Technically – as for many others – my room has recently become my entire world. Its boundaries defining the size of the universe I’m allowed to walk in, do yoga, sleep, eat, think, supposedly ‘create’ and counter-productively obsess about everything that’s been going on. ‘A room of one’s own, just like Virginia Woolf’ my mother, who’s now in Italy – and more resigned to the quarantine faith, would say. However, Virginia didn’t have to put up with zoom, skype, facetime, instagram lives or Tik toks to continuously pouring out content from her phone and keep her entertained during the dullest hours of the doom.

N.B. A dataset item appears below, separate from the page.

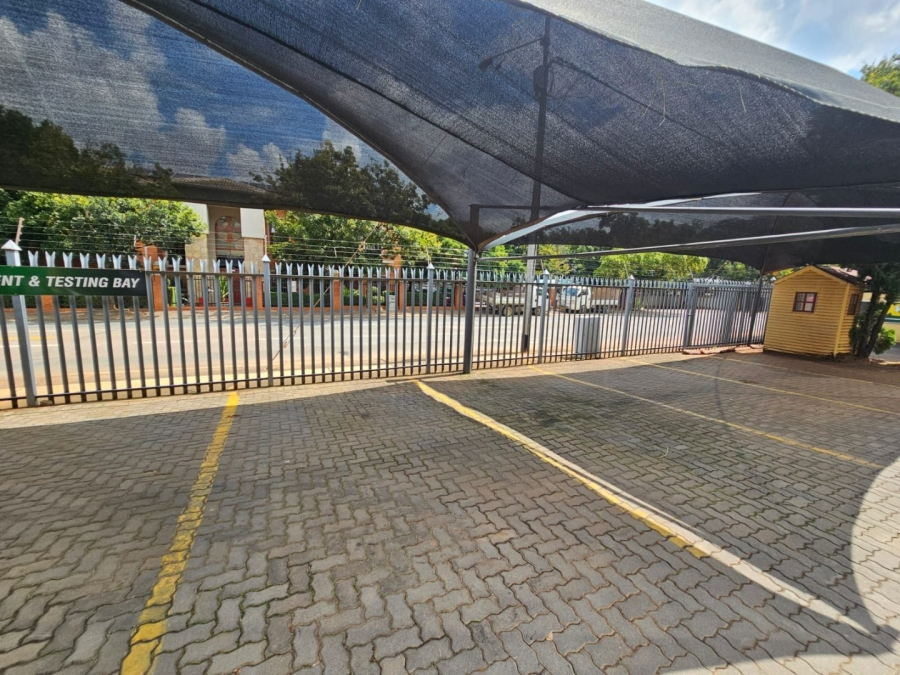 To Let commercial Property for Rent in Clubview Gauteng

For some it has become the opportunity to just finally lead a reclusive, quite monastic life, but with the blessings of society – whilst also being able to dedicate unprecedented amount of time to their passion, until now only a part-time hobby. Whereas for others the constraint of a secluded routine is slowly tearing them apart, disrupting their sleep and feelings. Who’s not experiencing that though.
Maybe here lies the reason why we are practically drowning in shareable content created by the non- creatives (if it is even possible to make a clear-cut distinction), that at the end of the day represent more of a distraction than a meaningful contribution to the current sensibility aka ‘contemporary art scene’.
Such overflowing of ‘creativity’ is important as a stress release, it seems, to keep the anxiety at bay. True, but also, is it though? Where does this anxiety of boredom come from? How is it even possible to be bored, to have ‘nothing to do’ – isn’t it rather to have nothing keeping you from yourself, your own thoughts and issues? Those which so easily, in previous times, were just buried under a tower of deadlines, appointments and chores. Isn’t it more of a way to escape ourselves? Engage with digital distractions as an attempt to refuse facing our demons?
Boredom represents an essential part of the creative process, far from preventing it. It is not an ‘artist block’ but only a temporary lack of usefulness and an opportunity for uselessness to prove its worth. Something enabling us to step aside from the profoundly capitalistic belief of constant production. Relentlessly coming up with projects and artefacts ready to be consumed is in fact not really following the organic growth of an idea. Daydreaming and imagination only comes from a place of boredom, as well as important realisations on the self. Usually those are facilitated in the morning, during a staring- at-the-void session in your bed, or while shaving your left leg in the shower, or perhaps when laying on the floor after dusting your room properly for the first time in two years. Those blank spaces are precious, the only ones giving a breather for intuition to stretch and flex.
So, people – rejoice! The advent of the kingdom of Boredom is impending on us and there is no way to escape it for now. It is a question of getting used to it and negotiate our terms with it.
The process however, requires patience, and perhaps this is what we are meant to learn from this experience; and believe me, you are being told that from someone whose ambition was never to master such ability or has ever been any good at trying.
Then be bored, embrace it and stop trying to control the uncontrollable – the future of our finances, the aftermath of the ‘quiet Apocalypse’. Focus on being bored, with nothing to do – maybe a dormant craving, a forgotten breakthrough will come out of it – or maybe we can just practice the ancient Roman art of ’dolce far niente’ (Sweetly non-doing). Legitimately, for the first time in a long time.